TOR controls growth
TOR, short for Target Of Rapamycin, is an atypical serine/threonine protein kinase which curiously resembles phosphatidylinositol lipid kinases. It plays a central role in orchestrating diverse aspects of cell metabolism and physiology (Wullschleger et al, Cell 2006 ). TOR was first identified genetically in S. cerevisiae as the molecular target of the natural product antifungal rapamycin (Box 1), but is broadly conserved in nearly all eukaryotes. Inside cells, rapamycin first interacts with a proline isomerase known as FKBP12 and this complex then binds and interferes with the ability of TOR to phosphorylate a subset of substrates. In 2002, we (Loewith et al., Mol Cell 2002 ) made the important discovery that TOR proteins operate in two distinct multiprotein complexes which we named TORC1 and TORC2 (mTORC1 and mTORC2 in mammalian cells). Rapamycin-sensitive TORC1 (Box 2) and rapamycin-insensitive TORC2 (Box 3) are independently regulated downstream of environmental as well as cell-intrinsic cues. In turn, each complex independently regulates distinct aspects of biomass production and turnover necessary to maintain cellular homeostasis (Eltschinger and Loewith, Trends in Cell Biol. 2016 ).

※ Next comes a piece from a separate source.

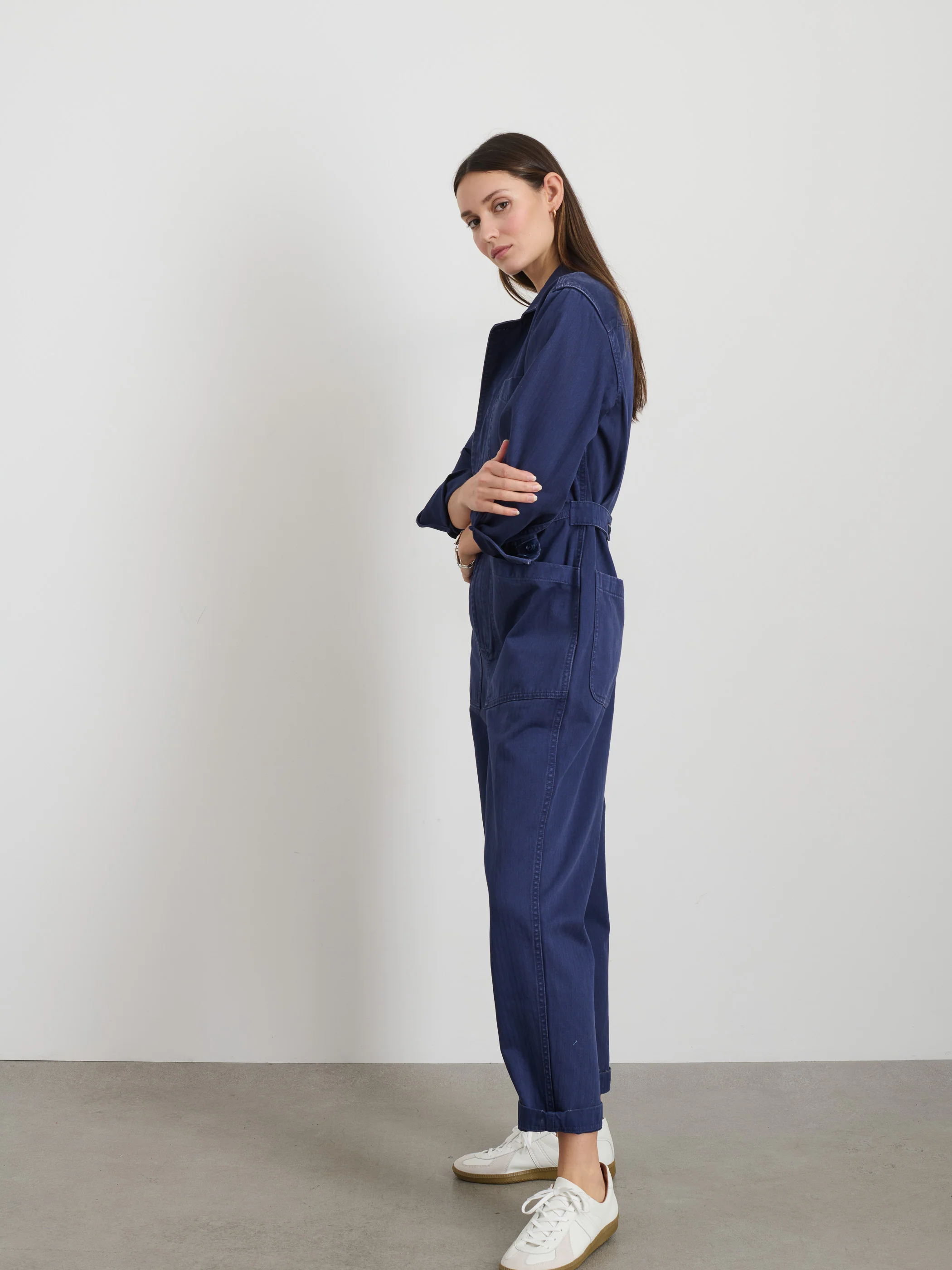Standard Zip Jumpsuit in Herringbone - Image 4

Presently, the lab uses state-of-the-art techniques in biochemistry, structure biology, and, in collaboration with groups in a National Centre for Competence in Research (NCCR ), chemical-biology and biophysics to determine how the kinase activities of TORC1 and TORC2 are regulated downstream of signals derived from metabolites and physical properties of membranes. These efforts are supported by an in-lab Orbitrap Fusion Tribrid mass spectrometer, a new, in-house, cryo-EM platform and generous funding from the Canton of Geneva, the Swiss National Science Foundation and the European Research Council.